Since s3 moves the file by changing the ID, and the ID is used to determine equality, atomic_persist will always throw a Shrine::AttachmentChanged error, because it’s changing the location, which changes the ID, which makes them inequal.

Questions

  1. Is the guide incorrect? Or is the guide incomplete?
  2. Is there a Shrine-idiomatic solution for S3?
  3. Is using non-atomic persist "Good enough"™?

Workaround

I’m using #persist instead of #atomic_persist right now; and I can get some atomicity by transacting around persist, seeing if the original record filedata hasn’t changed. It works.

I hope everything is clear. I can set-up a minimal reproducible example, but this is all copied straight from the guide.

You are correct, this was a mistake in the guide.

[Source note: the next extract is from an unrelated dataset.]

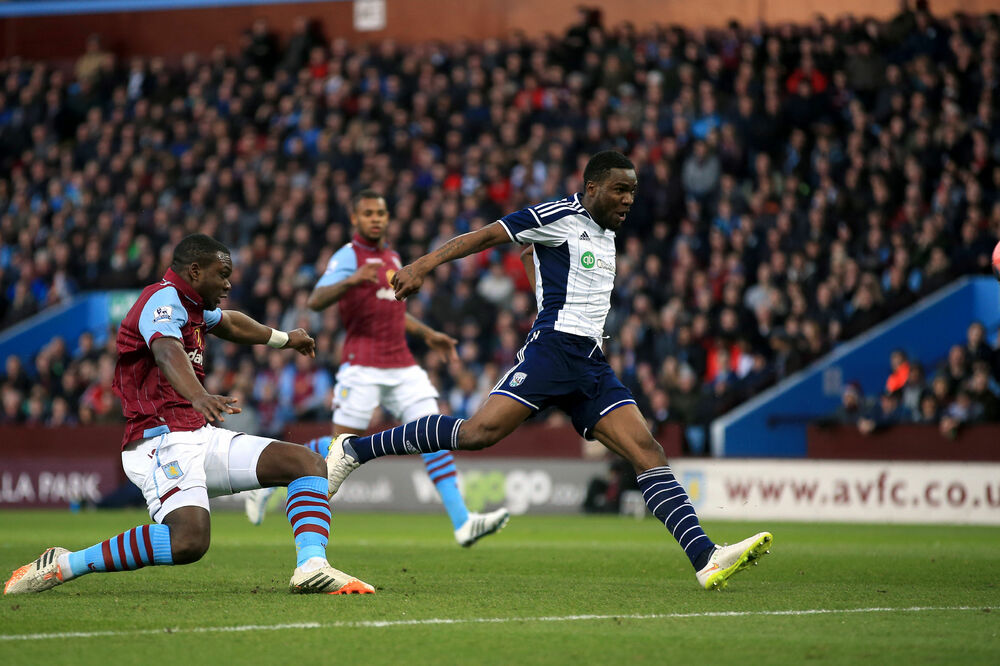 Aston Vila - Vest Bromvič Albion, Foto: Beta/AP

I’ve now corrected it to pass the current file to the Attacher#atomic_persist method.

It’s not terribly important to use atomic persisting, especially it’s not necessary if attachments are not editable for a given record.

Sorry for this, I forgot Discourse has this default, I’ve now removed the limit for number of links.

1 Like

Thank you for that change :slight_smile:

My questions have been answered and resolved.